Pour ce faire, les États membres souhaiteraient être plus actifs (notamment par un engagement préventif), développer leurs capacités militaires et civiles, être plus cohérents et coopérer avec leurs partenaires. Cette stratégie européenne devant contribuer, in fine, à un monde « plus équitable, plus sûr et plus uni ».

Les faiblesses du concept stratégique
Les principales faiblesses du concept stratégique ont trait tant à : (1) la prépondérance de l’influence américaine dans la définition de l’agenda sécuritaire européen ; (2) l’européanocentrisme dans la conception des menaces et de la sécurité internationale ; (3) l’absence d’interdiction explicite pour l’UE de mener des actions militaires préventives, et (4) l’absence de définition claire, univoque, de la stratégie européenne parmi la panoplie d’actions et d’outils dont il est fait mention.
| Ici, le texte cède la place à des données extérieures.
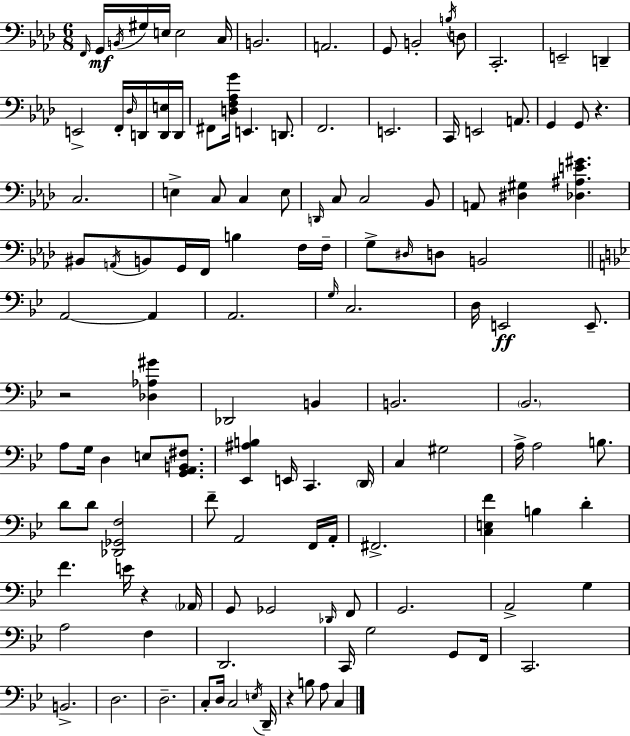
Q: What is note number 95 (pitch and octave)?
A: A2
- La trop grande influence de l’agenda américain
D’abord, la motivation qui a présidé à la rédaction de la doctrine européenne s’inscrit dans un moment particulier des relations transatlantiques où, à la suite de l’intervention anglo-américaine en Irak, il s’agissait principalement de se réconcilier avec les États-Unis et de réaffirmer la primauté du partenariat stratégique euro-américain. Et quoi de plus rassembleur, dans ce contexte, qu’une vision partagée des menaces internationales et qu’un agenda sécuritaire commun (2) ? Ensuite, tant dans le fond que dans la forme, les préoccupations exposées dans le concept stratégique de l’UE apparaissent comme très proches du débat américain depuis le 11 septembre 2001 et coïncident avec la National Security Strategy des États-Unis. Ainsi, Solana esquisse un « axe du bien » qui s’offre en miroir à l’« axe du mal » américain (3).
- La sécurité de l’Europe ne peut se construire contre le reste du monde
Les menaces et les risques tels que les entrevoit l’Union européenne se focalisent essentiellement sur l’Europe et sur la garantie de ses intérêts. Les menaces sont donc perçues de manière restreinte et fort peu systémique. D’abord, les conflits, les armes de destruction massive, le terrorisme, les États en déliquescence ne sont pas des phénomènes en soi, qu’il s’agirait d’éradiquer. Ce sont les symptômes de causes plus profondes qui sont néfastes, et ceci pas seulement pour l’Europe et ses partenaires mais aussi pour le reste du monde. La définition des menaces et des risques doit donc être considérée de manière plus large afin d’englober les facteurs inducteurs objectifs qui favorisent leur apparition. Ensuite, il est indispensable d’évaluer ces causes profondes en tant qu’éléments structurels du système international dans tous ses aspects (économiques, politiques, culturels, environnementaux, etc.), où interagit un ensemble d’acteurs divers, dont fait partie l’Europe. Pour être efficace, cette évaluation doit immanquablement pouvoir déboucher sur une remise en cause, même partielle, de ce système international et du propre fonctionnement de l’UE.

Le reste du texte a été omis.